Description of problem: We installed HPP CR with pvcTemplate based on CEPH storage class. CEPH got CriticallyFull and some hpp-pool pods couldn't create. Version-Release number of selected component (if applicable): 4.12, 4.11, 4.10 How reproducible: Only when there's a problem with the underlying storage class Steps to Reproduce: 1. Create HPP CR with pvcTemplate based on CEPH 2. Use all CEPH storage 3. Delete HPP CR Actual results: $ oc get pods -A | grep hpp openshift-cnv hpp-pool-29ab9406-85bc665cdb-wqz7j 1/1 Running 0 46h openshift-cnv hpp-pool-4356e54b-7ccf5c44d-95tkr 1/1 Running 0 46h openshift-cnv hpp-pool-7dfd761c-6ffd959c85-tfqds 0/1 ContainerCreating 0 19m $ oc delete hostpathprovisioner hostpath-provisioner hostpathprovisioner.hostpathprovisioner.kubevirt.io "hostpath-provisioner" deleted (STUCK) $ oc get jobs -n openshift-cnv NAME COMPLETIONS DURATION AGE cleanup-pool-4dd1b8bf 0/1 13m 13m cleanup-pool-d1954b6a 0/1 13m 13m cleanup-pool-edb68ab8 1/1 6s 13m Expected results: HPP CR deleted Additional info: As a W/A: delete the cleanup pods manually, they will be recreated and they will complete successfully. HPP CR: apiVersion: hostpathprovisioner.kubevirt.io/v1beta1 kind: HostPathProvisioner metadata: name: hostpath-provisioner spec: imagePullPolicy: IfNotPresent storagePools: - name: hpp-csi-local-basic path: "/var/hpp-csi-local-basic" - name: hpp-csi-pvc-block pvcTemplate: volumeMode: Block storageClassName: ocs-storagecluster-ceph-rbd accessModes: - ReadWriteOnce resources: requests: storage: 100Gi path: "/var/hpp-csi-pvc-block" workload: nodeSelector: kubernetes.io/os: linux
Alexander, could you please take a look?
please ignore, made wrong change
we will only fix the bug on 4.11.z and 4.12.0
Alexander please triage.
This has been reproduced when the storage used in the pvcTemplate had an issue and we tried to clean it up. I would say this is pretty low priority and even if it does happen, you can clean up manually, it is just annoying that the automatic cleanup failed.

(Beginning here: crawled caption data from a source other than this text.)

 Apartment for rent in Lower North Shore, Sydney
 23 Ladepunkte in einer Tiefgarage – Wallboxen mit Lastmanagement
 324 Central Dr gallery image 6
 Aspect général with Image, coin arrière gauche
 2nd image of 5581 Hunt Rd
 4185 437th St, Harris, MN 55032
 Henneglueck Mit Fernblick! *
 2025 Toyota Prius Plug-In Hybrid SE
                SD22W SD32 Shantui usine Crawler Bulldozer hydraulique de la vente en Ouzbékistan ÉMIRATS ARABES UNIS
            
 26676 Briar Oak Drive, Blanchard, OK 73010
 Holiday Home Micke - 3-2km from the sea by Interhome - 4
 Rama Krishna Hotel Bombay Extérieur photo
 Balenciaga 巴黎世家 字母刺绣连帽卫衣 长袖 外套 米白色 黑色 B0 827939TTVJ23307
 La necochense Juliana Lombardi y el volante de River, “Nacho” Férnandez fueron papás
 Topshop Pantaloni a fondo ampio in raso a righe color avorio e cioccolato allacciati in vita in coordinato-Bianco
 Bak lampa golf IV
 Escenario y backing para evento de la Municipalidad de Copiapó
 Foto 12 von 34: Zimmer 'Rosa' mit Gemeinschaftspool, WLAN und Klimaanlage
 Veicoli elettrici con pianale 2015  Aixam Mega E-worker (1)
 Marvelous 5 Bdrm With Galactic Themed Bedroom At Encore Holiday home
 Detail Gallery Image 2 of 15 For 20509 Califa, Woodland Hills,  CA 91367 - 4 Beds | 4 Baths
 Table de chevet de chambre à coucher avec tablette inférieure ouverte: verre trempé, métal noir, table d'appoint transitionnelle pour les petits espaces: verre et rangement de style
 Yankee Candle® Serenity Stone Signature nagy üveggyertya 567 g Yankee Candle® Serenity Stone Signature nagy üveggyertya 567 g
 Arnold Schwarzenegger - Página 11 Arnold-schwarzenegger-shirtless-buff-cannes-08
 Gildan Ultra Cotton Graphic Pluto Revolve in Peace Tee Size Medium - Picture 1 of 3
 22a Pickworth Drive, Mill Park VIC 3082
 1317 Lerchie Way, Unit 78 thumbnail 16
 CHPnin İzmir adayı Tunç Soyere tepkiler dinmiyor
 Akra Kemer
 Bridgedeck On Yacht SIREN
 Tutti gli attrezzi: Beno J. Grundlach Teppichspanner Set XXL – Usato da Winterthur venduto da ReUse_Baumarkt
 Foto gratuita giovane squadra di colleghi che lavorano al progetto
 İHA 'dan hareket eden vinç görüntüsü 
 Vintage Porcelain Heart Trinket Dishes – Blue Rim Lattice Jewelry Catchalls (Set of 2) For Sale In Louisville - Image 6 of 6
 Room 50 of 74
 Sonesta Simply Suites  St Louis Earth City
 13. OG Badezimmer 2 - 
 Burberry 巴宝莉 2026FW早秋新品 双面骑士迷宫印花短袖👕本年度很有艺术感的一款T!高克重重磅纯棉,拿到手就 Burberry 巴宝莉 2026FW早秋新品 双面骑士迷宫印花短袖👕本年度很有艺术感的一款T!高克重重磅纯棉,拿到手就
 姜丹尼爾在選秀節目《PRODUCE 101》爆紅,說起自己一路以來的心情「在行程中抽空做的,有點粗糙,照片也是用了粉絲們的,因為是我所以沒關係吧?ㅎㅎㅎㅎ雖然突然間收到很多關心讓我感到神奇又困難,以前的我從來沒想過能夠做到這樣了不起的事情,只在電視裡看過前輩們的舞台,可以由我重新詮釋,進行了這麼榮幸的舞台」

Retargeting to 4.13. This is a relatively low severity issue for an unlikely use case (running HPP on top of ceph). It would be nice to fix stuck cleanup jobs but it's not necessary to backport to such a fix to older versions.
Based on relatively low severity and possible manual W/A - closing the bug.